3rd Assistant Secretary of State for Conflict and Stabilization Operations
- In office 18 October 2018 – 22 December 2020
- President: Donald Trump
- Preceded by: David Malcolm Robinson
- Succeeded by: Anne Witkowsky

Personal details
- Alma mater: University of Pennsylvania

= Denise Natali =

American political scientist

Denise Natali is an American political scientist who was Assistant Secretary of State for Conflict and Stabilization Operations from 2018 to 2020. She is currently director of the Institute for National Strategic Studies (INSS) of the National Defense University, and is specialized in the Middle East, Iraq, the Kurdish issue, and post-conflict stabilization. She has been noted for her staunch criticism of the Kurdish Regional Government and its relations to the United States.

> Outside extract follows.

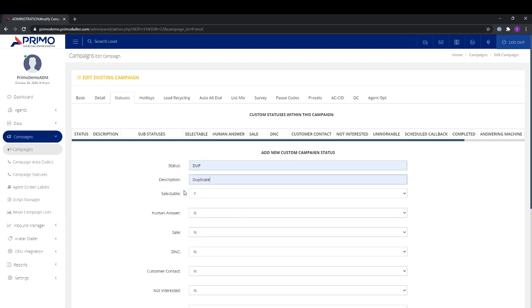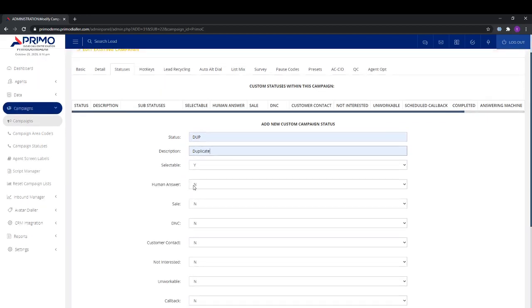I've added the status here. You'll want to make sure that it is selectable so the agent can actually select this disposition or status.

==Early life and education==
Natali first received her bachelor's degree at the Franklin & Marshall College in Lancaster, Pennsylvania, where she studied government. She then moved on to receive a master's degree in international affairs at the Columbia University's School of International and Public Affairs in New York City and would eventually receive her PhD in political science from the University of Pennsylvania. She has furthermore studied at l'Institut national des langues et civilisations orientales in Paris, the University of Tehran, and at Tel Aviv University.

==Career==
Natali joined the INSS in January 2011. Before this, she gathered experience while working on and researching the Kurdish regions of Iraq, Turkey, Iran, and Syria. In December 2017, Natali became director of the Center for Strategic Studies at the INSS.

United States president Donald Trump appointed Natali Assistant Secretary of State for Conflict and Stabilization Operations on 18 October 2018, a position she held until 22 December 2022.

Natali was appointed director of the INSS in October 2022.